Supplied records:
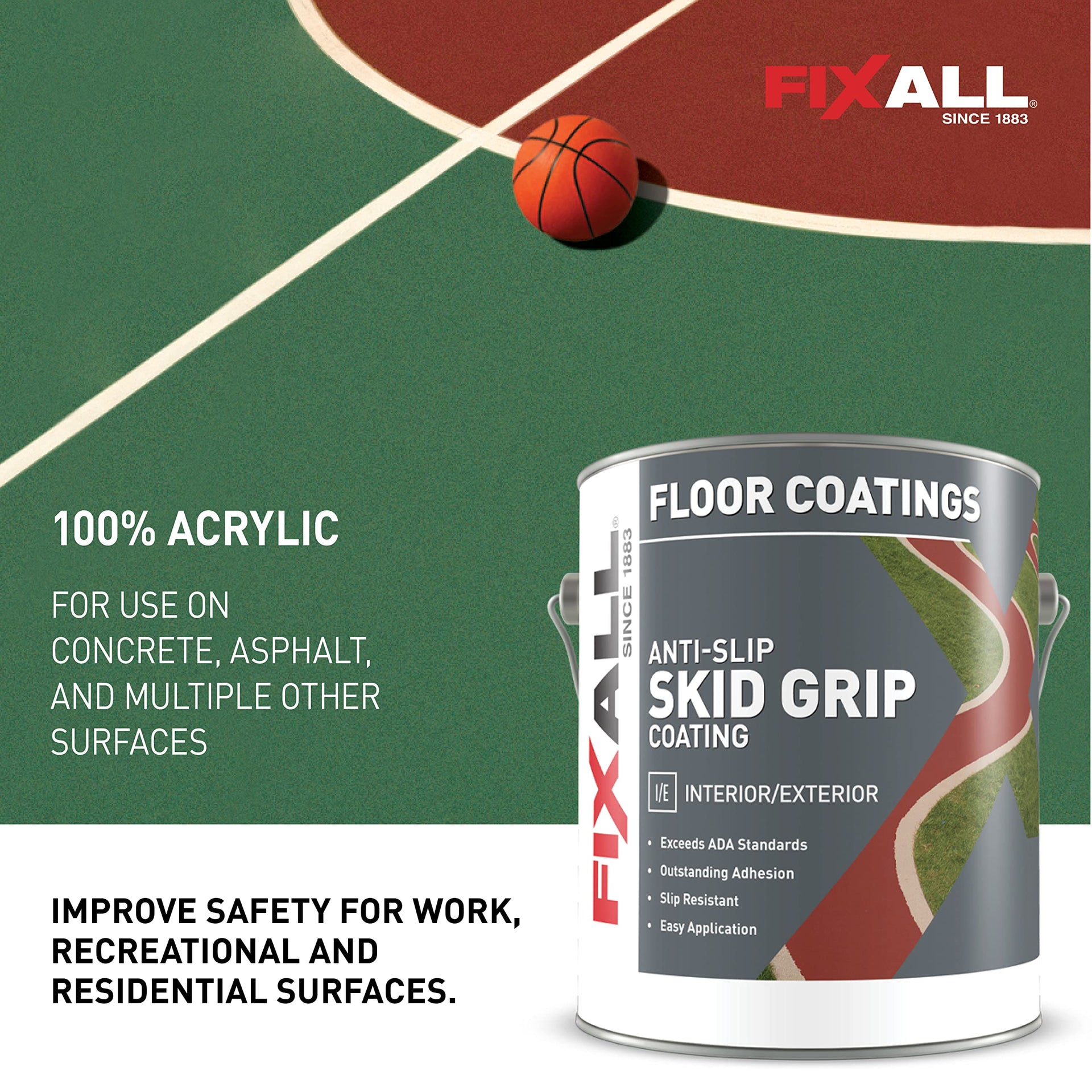 Skid Grip Anti (128 Fl Oz)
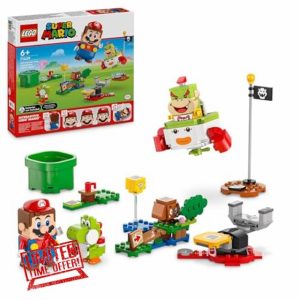 LEGO Super Mario Adventures with Interactive Mario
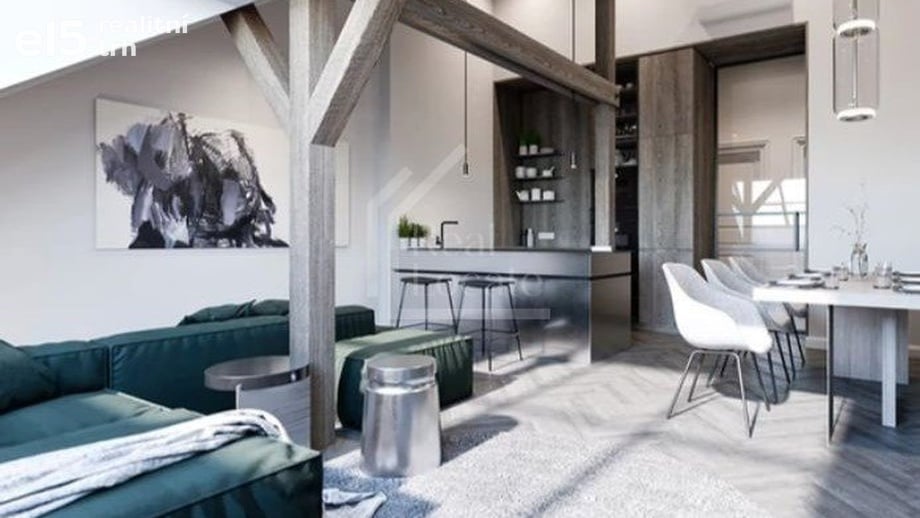 Prodej byty 2+kk, 47 m² - Praha - Vršovice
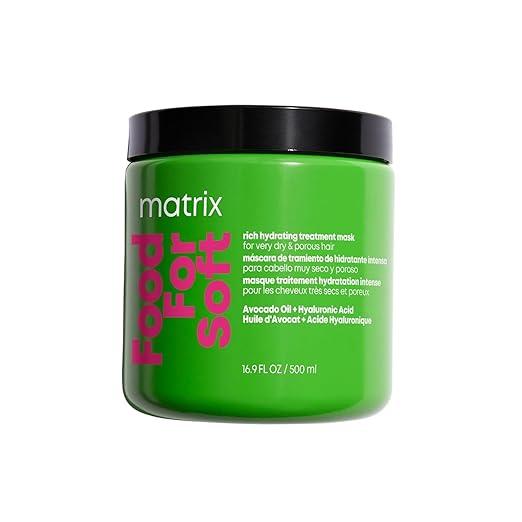 Matrix Total Results Food For Soft Mask 500ml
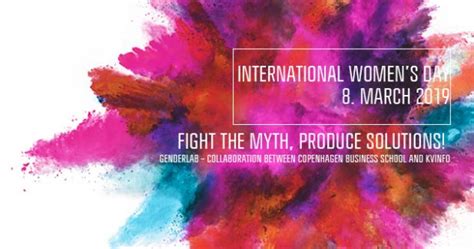 Fight The Myths About Gender At International Womens Day 2019 Cbs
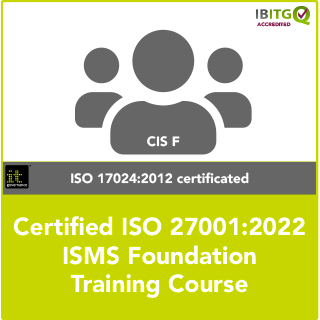 ISO 27001:2022 Foundation Training Course 
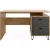 Стол письменный BRW Grace BIU2S 135х56х78 см
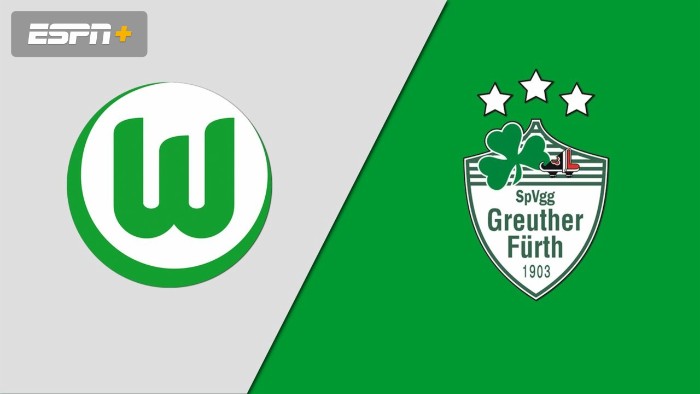 Video kết quả Wolfsburg vs Greuther Furth, vòng 21 VĐQG Đức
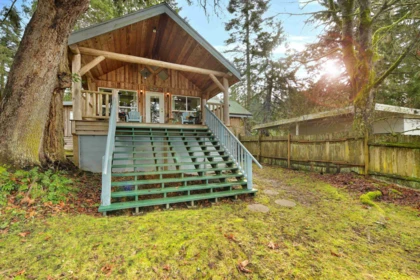421 Sunset Place, Mayne Island, BC, Mayne Island — Single Family Residence for sale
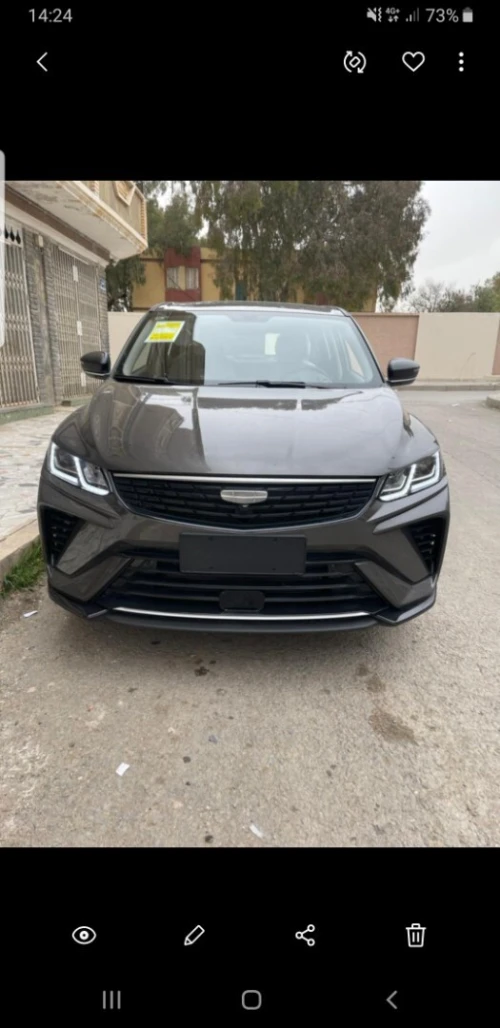 Geely Coolray 2026 Manuel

What is being asked: Each line of the data must be transcribed exactly; pictures are not carried over.

Written response:
 Skid Grip Anti (128 Fl Oz)
 LEGO Super Mario Adventures with Interactive Mario
 Prodej byty 2+kk, 47 m² - Praha - Vršovice
 Matrix Total Results Food For Soft Mask 500ml
 Fight The Myths About Gender At International Womens Day 2019 Cbs
 ISO 27001:2022 Foundation Training Course 
 Стол письменный BRW Grace BIU2S 135х56х78 см
 Video kết quả Wolfsburg vs Greuther Furth, vòng 21 VĐQG Đức
421 Sunset Place, Mayne Island, BC, Mayne Island — Single Family Residence for sale
 Geely Coolray 2026 Manuel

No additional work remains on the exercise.